*What you are asked to do*
Beginning with the line containing "Hello, my name" and ending at the last line of the records, transcribe each line exactly. Do not include pictures.

*Supplied data*
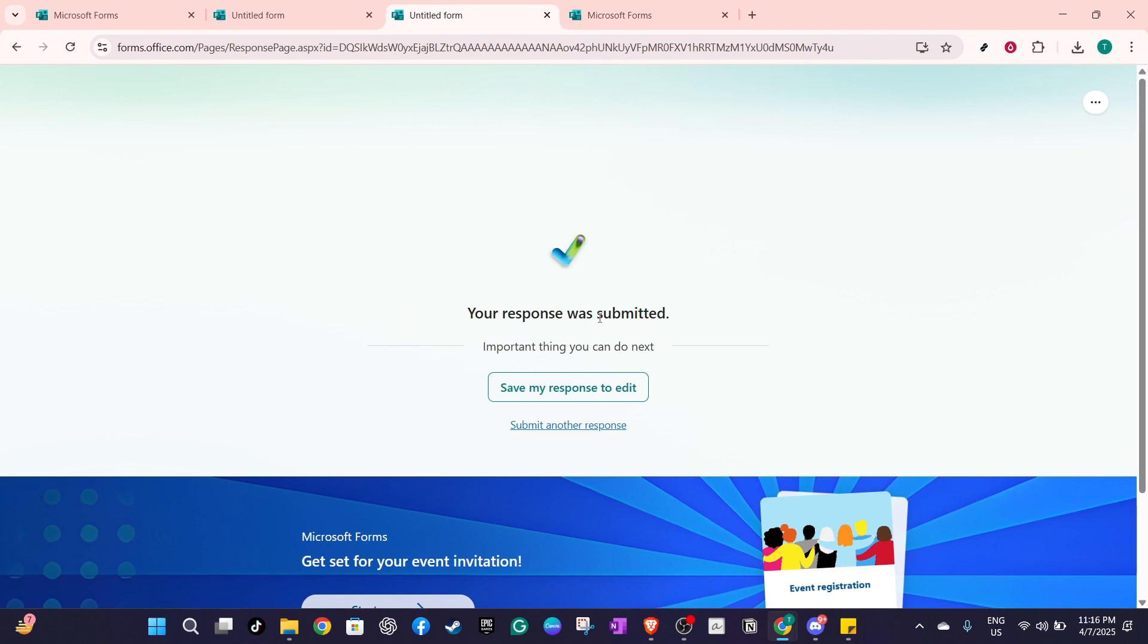Following these steps will help you enable response saving in Microsoft Forms, providing both you and your respondents with greater flexibility and convenience. Thank you for watching and make sure to subscribe for more helpful tips on using Microsoft Office products.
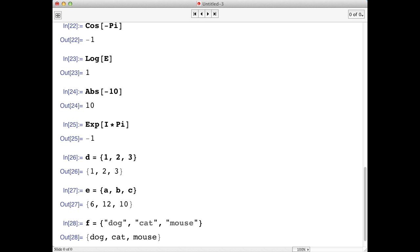Lists are really important, because vectors, matrices, and data tables are all represented as lists in Mathematica. In a future screencast, we'll see how you can use individual items in a list to do different types of computations.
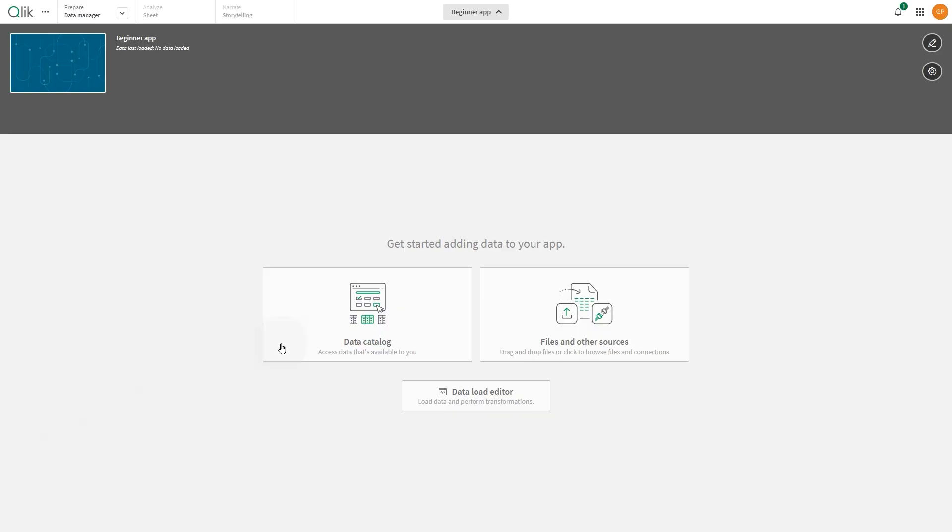Once your new app is created, you'll need to add data to it. In Data Catalog, you can access data that is available to you. You can browse files and other sources and load data from here.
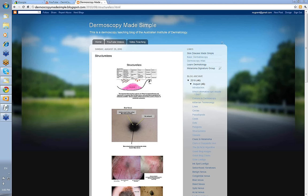Hello, my name is Ian McColl, and this is a video from the Dermoscopy Made Simple series on the element Structureless.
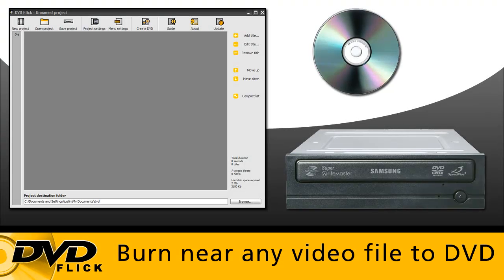Hi, today I'm going to show you how to burn any video file to a DVD using a free application called DVD Flick.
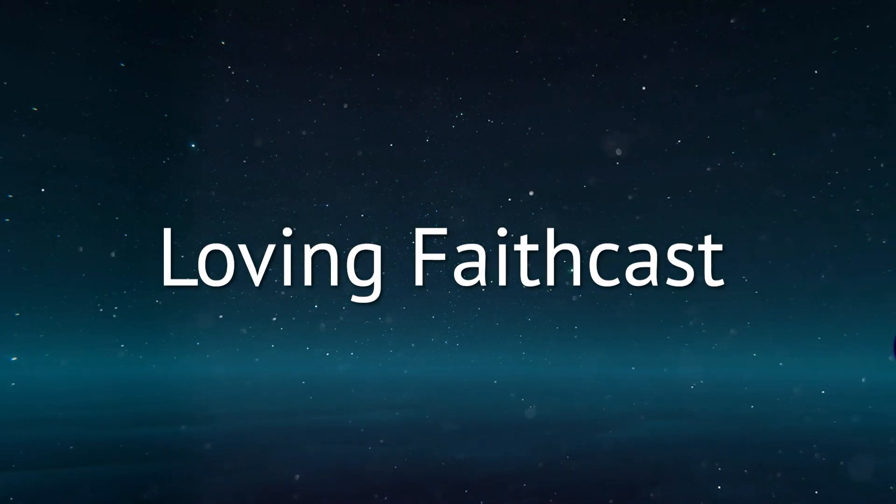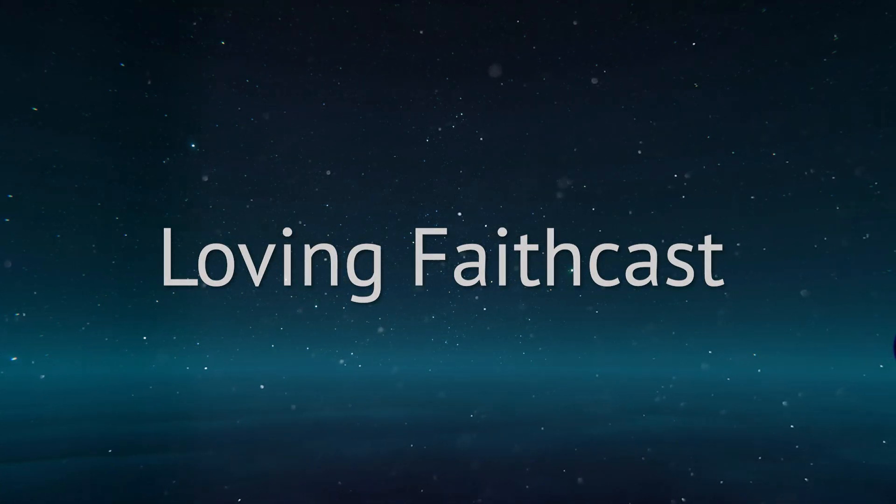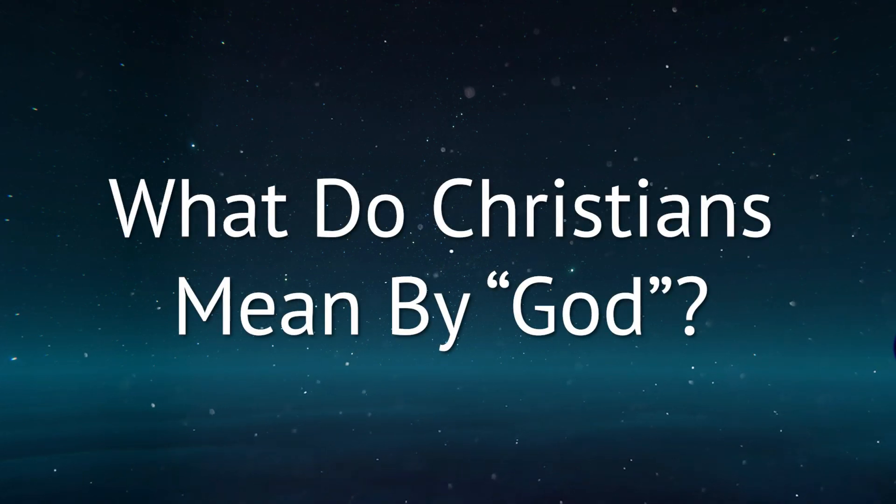Hello and welcome to the Loving Faithcast, a VRChat podcast for both Christians and non-Christians to listen to.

*Exercise solution*
Hello, my name is Ian McColl, and this is a video from the Dermoscopy Made Simple series on the element Structureless.
Hi, today I'm going to show you how to burn any video file to a DVD using a free application called DVD Flick.
Hello and welcome to the Loving Faithcast, a VRChat podcast for both Christians and non-Christians to listen to.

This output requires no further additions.